Recognizing those flaws is a hot topic, getting its 15 minutes of fame as researchers and computer scientists caution us on the dangers of becoming too reliant on data. The book “Weapons of Math Destruction” by data scientist Carol O’Neil warns that algorithms decide what we see – or don’t see –on the Internet, and users often don’t control their IoT equipment and logs with location, intention, and preferences.
O’Neil was a quant analyst on Wall Street before turning her sights on how models and databases can be misleading. Her blog explores data’s impact on everything from careers to finance and industrial forecasting.
She suggests that having more data doesn’t ensure better IoT analytics. There still needs to be a human to ask challenging questions, identify different data sources to shore up your information, and refine it into knowledge.
According to ZoomInfo, 30 percent of people change jobs each year, and 37 percent of email addresses change – factors that can kill a B2B contact database.
The US Department of Labor projects a turnover rate in corporate America as high as 40 percent each year. If people are that mobile and changeable, what about data in your industrial or operations set? What new categories of data can you gather now that weren’t possible a few years ago to improve client knowledge, experience or pressure test against existing data?
Another data weakness is the original, human database builders. It’s possible that data left unquestioned for social or non-technical bias can lead to wrong conclusions, says Internet researcher Danah Boyd.
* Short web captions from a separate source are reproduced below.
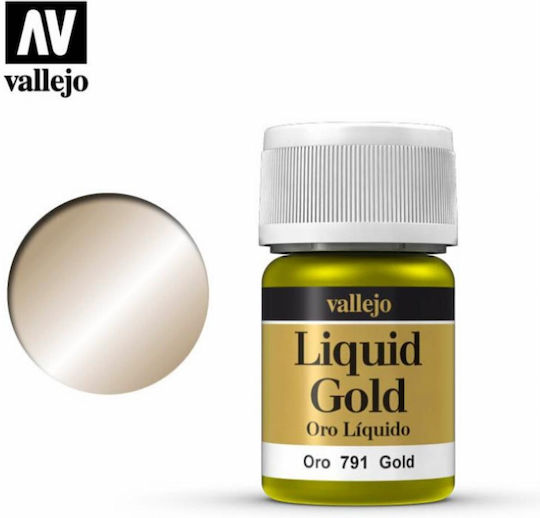 Acrylicos Vallejo Liquid Culoare Modelism Liquid Gold 35ml 70.791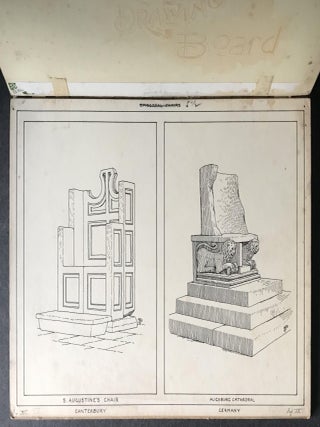 Original Drawings for Episcopal Chairs by J. Tavenor-Perry (1842-1915)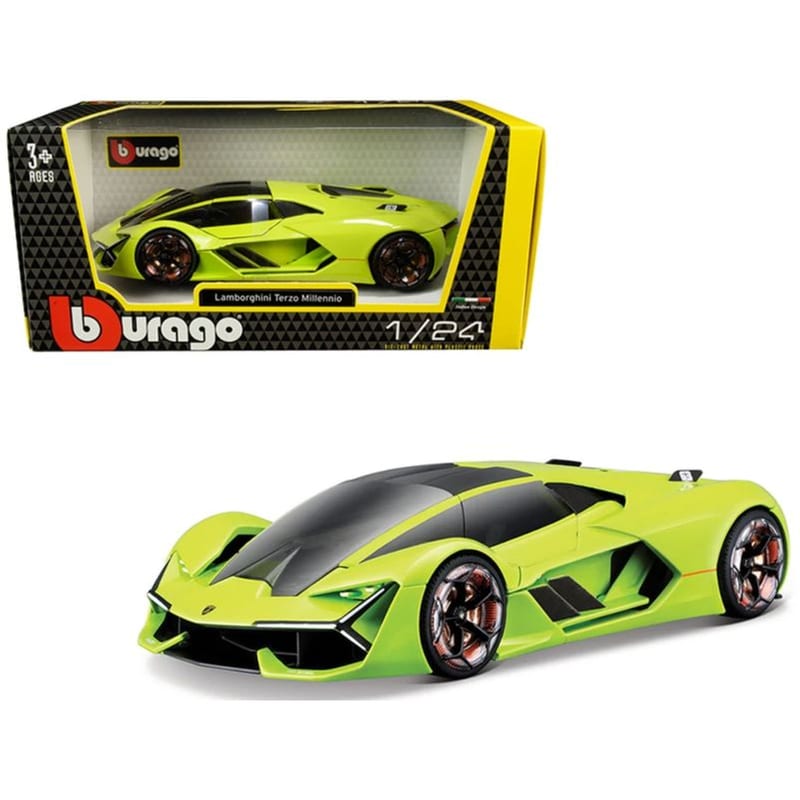 Bburago Αυτοκινητάκι 1:24 Plus Lamborghini Terzo Millennio - Κίτρινο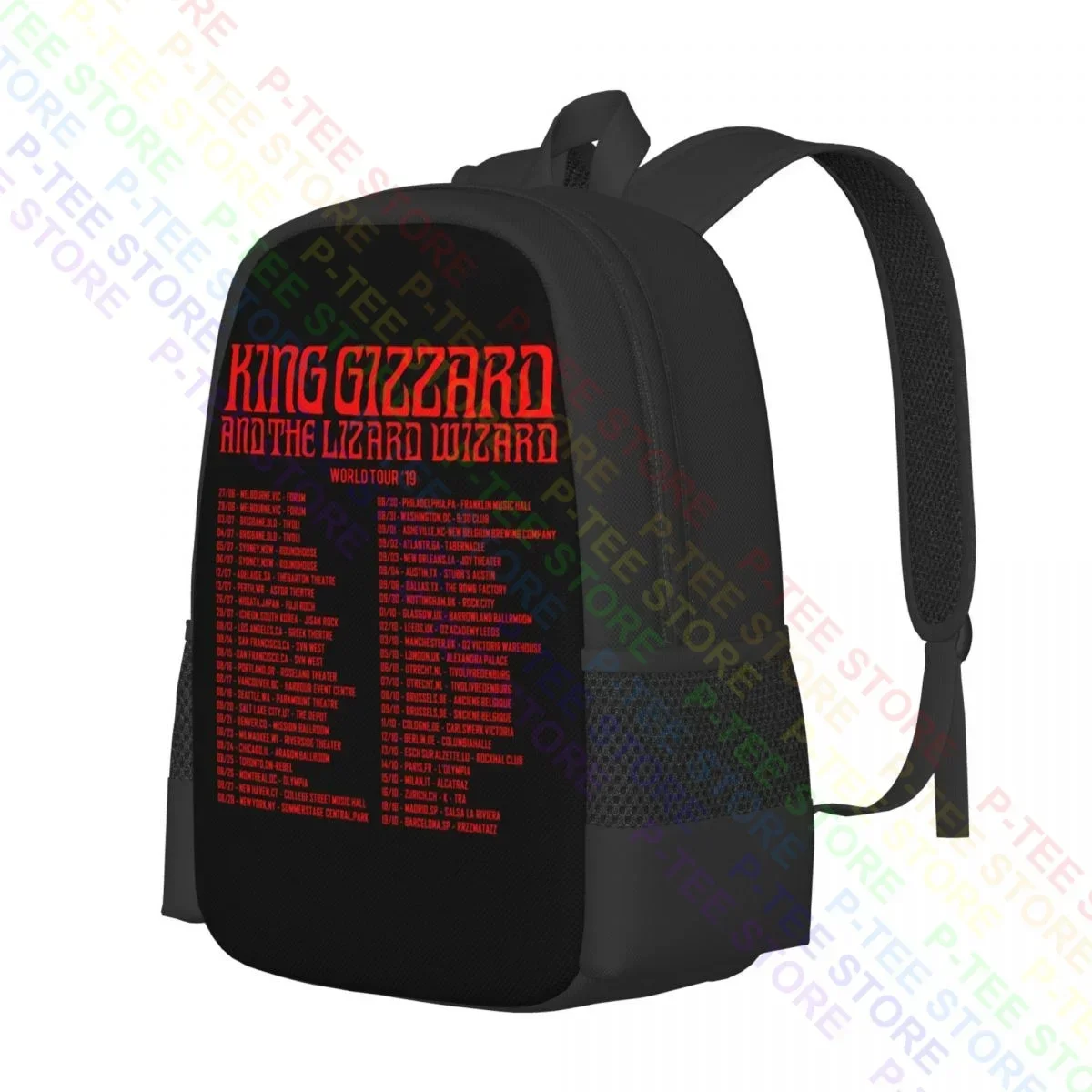 King Gizzard And The Lizard Wizard World Tour 2019 01 P-975Backpack Large Capacity Training School Sport Bag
Consider a data set of people who were arrested and how that data shifts over time based on the definitions of crime, economic factors, demographics, and other circumstances.
“We all bring with us our baggage and we all bring with us cultural biases,” she told a Techonomy conference this past spring. “We need ways of auditing, change over time and a need to root out discrimination and unintended consequences.”
Some social or economic assumptions based on historical data can be wrong because of values imposed on them by programmers and users. For example, a database of purchase records only shows outcomes – not the total number of interactions where no action was made. Other flaws include blindspots in artificial intelligence, where the same word is used with multiple meanings depending on an organization’s view from finance, operations, sales, or marketing.
Sometimes you just need a different kind of data to solve the puzzle. Last year at LiveWorx 16, a demonstration relayed a “Living Predictive Model” that defines outcomes and statistical models. For Diebold Corp. that meant looking not just at the performance of their equipment, but also looking for other factors affecting failure of automated teller machines (ATMs).
Diebold Corp. wanted to predict service needs for ATM and credit card readers, and it came down to number of uses, but humidity was a factor if it rained within last 24 hours – making weather a leading indicator.
Even the location of data can be as important as verifying its security and accuracy, according to a Bloomberg Business Week article, “Building a National Fortress in the Cloud.” Having the same language, cultural background, and other factors made a significant difference.
Auto parts supplier Robert Bosch GMbH began offering data storage and stewardship to its customers and quickly got the attention of other companies asking for such a service. By providing a trusted source of data security, the company created an opportunity to both safeguard data while securely sharing other details.
Bosch developed a ‘Connected Industry’ initiative that is keeping supplier data in Germany and adhering to Europe’s strict privacy laws.
There’s always more data, but adding different models and predictions allows companies to both find their flaws and uncover unexpected correlations. What’s lurking in your data?